Work task:
Beneath this task are records; print exactly the stretch of them from the line with "FUNKO POP! MARVEL" through the line with "Pets & Plushies", both ends included.

The records:
────
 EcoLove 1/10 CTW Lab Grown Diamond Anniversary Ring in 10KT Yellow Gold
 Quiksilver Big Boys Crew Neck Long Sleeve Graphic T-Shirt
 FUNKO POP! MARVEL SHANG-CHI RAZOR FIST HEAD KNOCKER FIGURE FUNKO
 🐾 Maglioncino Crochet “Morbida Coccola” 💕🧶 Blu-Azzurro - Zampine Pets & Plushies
────
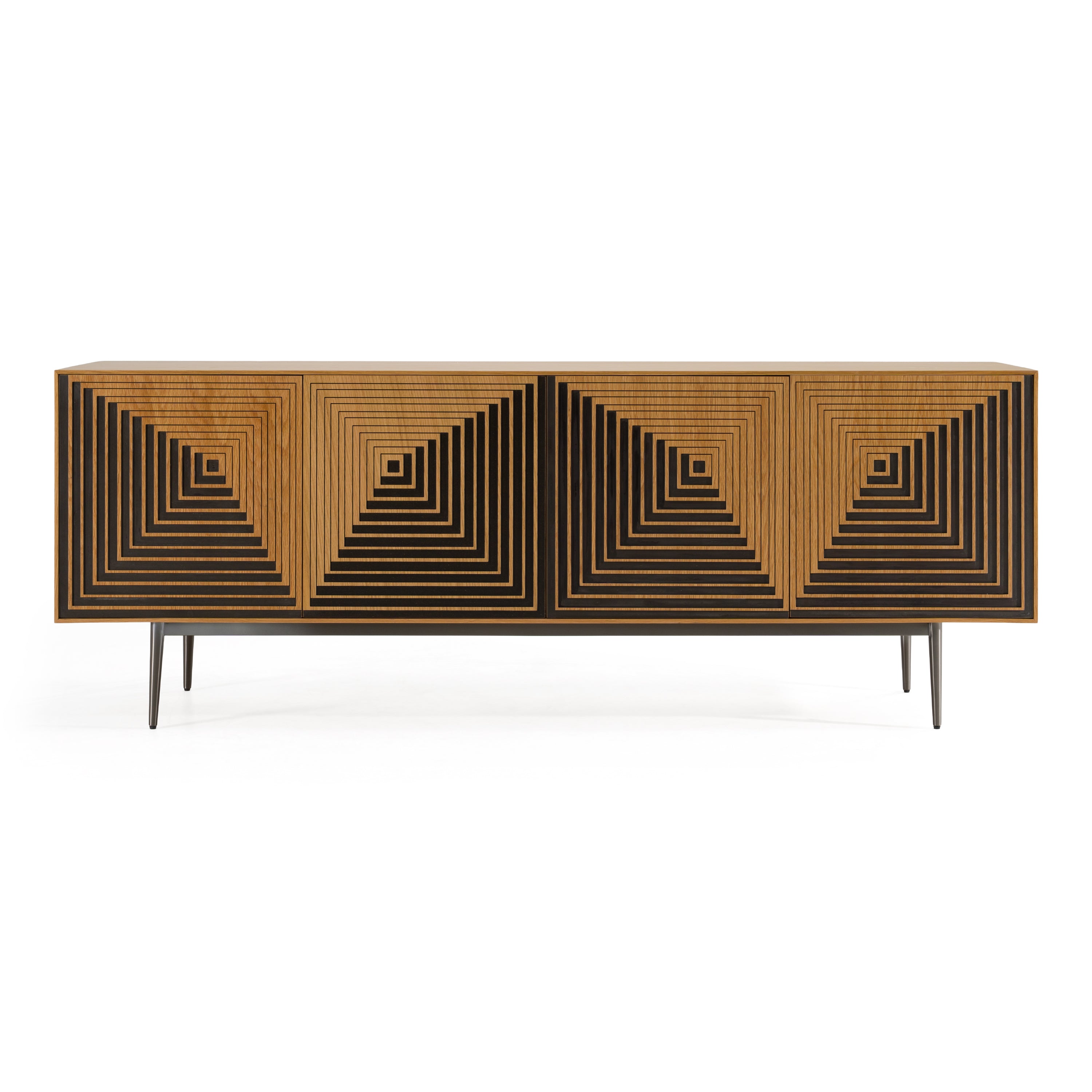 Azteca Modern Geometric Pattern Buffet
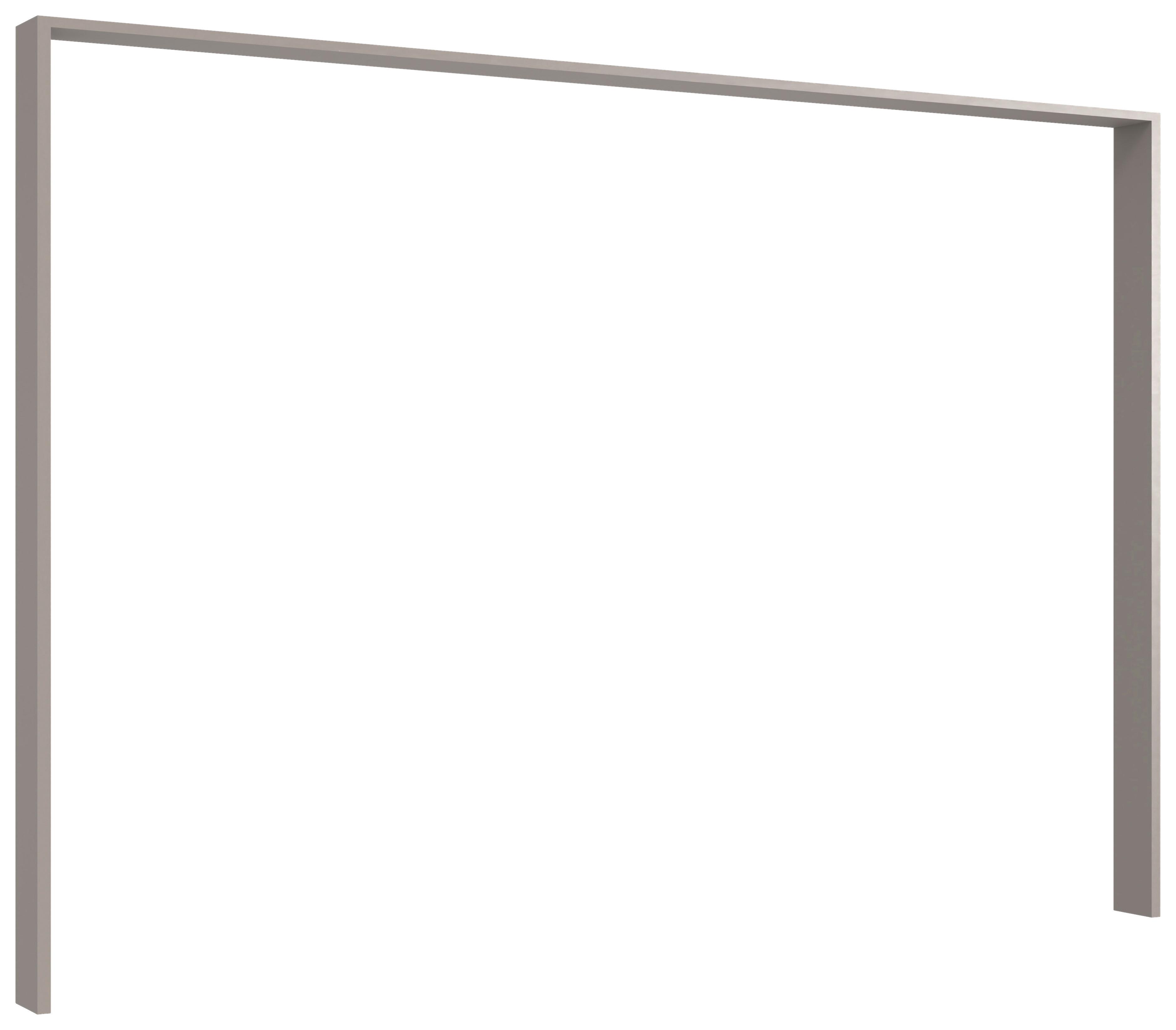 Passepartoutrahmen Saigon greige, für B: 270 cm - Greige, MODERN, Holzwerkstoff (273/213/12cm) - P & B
────
The answer:
 FUNKO POP! MARVEL SHANG-CHI RAZOR FIST HEAD KNOCKER FIGURE FUNKO
 🐾 Maglioncino Crochet “Morbida Coccola” 💕🧶 Blu-Azzurro - Zampine Pets & Plushies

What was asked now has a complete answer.